US 11,782,955 B1
Multi-stage clustering
Deepika Jindal, Kent, WA (US); and Igor Grudetskyi, Seattle, WA (US)
Assigned to AMAZON TECHNOLOGIES, INC., Seattle, WA (US)
Filed by Amazon Technologies, Inc., Seattle, WA (US)
Filed on Aug. 26, 2021, as Appl. No. 17/458,184.
Int. Cl. G06F 16/28 (2019.01); G06N 20/00 (2019.01)

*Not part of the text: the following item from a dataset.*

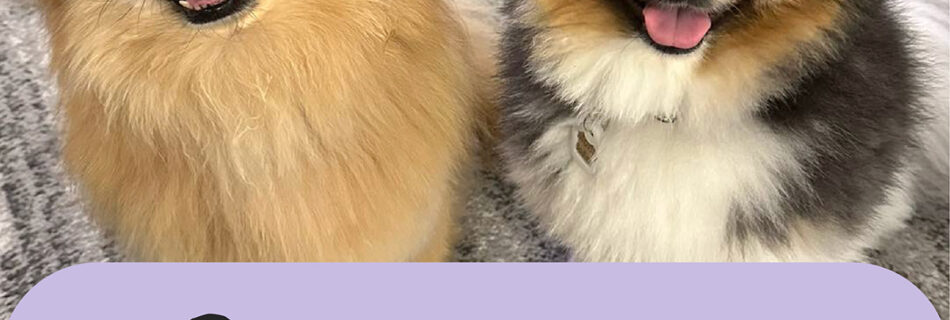 Let PawPals Lake Nona provide exceptional drop in visit service for your pets.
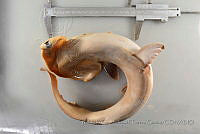 RQTG0800 Sphyrna lewini.jpg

CPC G06F 16/285 (2019.01) [G06N 20/00 (2019.01)] 20 Claims
OG exemplary drawing
 
1. A computer-implemented method of multi-stage clustering, comprising:
receiving a data set comprising a first plurality of elements, where each element of the first plurality of elements includes respective text describing the element;
dividing the first plurality of elements into a first plurality of clusters at a first hierarchical level using a clustering algorithm;
dividing each of the first plurality of clusters into a second plurality of clusters at a second hierarchical level using the clustering algorithm;
dividing each of the second plurality of clusters into a third plurality of clusters at a third hierarchical level using the clustering algorithm;
dividing each of the third plurality of clusters into a fourth plurality of clusters at a fourth hierarchical level using the clustering algorithm;
determining resource data representing a number of resources for labeling the first plurality of elements based at least in part on the first plurality of clusters at the first hierarchical level;
assigning the number of resources to label clusters of the second plurality of clusters at the second hierarchical level based on a number of the fourth plurality of clusters in each cluster of the second plurality of clusters;
assigning, for a first cluster of the fourth plurality of clusters, a label that classifies elements of the first cluster as belonging to a first class; and
determining that the elements of the first cluster are non-compliant with respect to a first policy based at least in part on the label.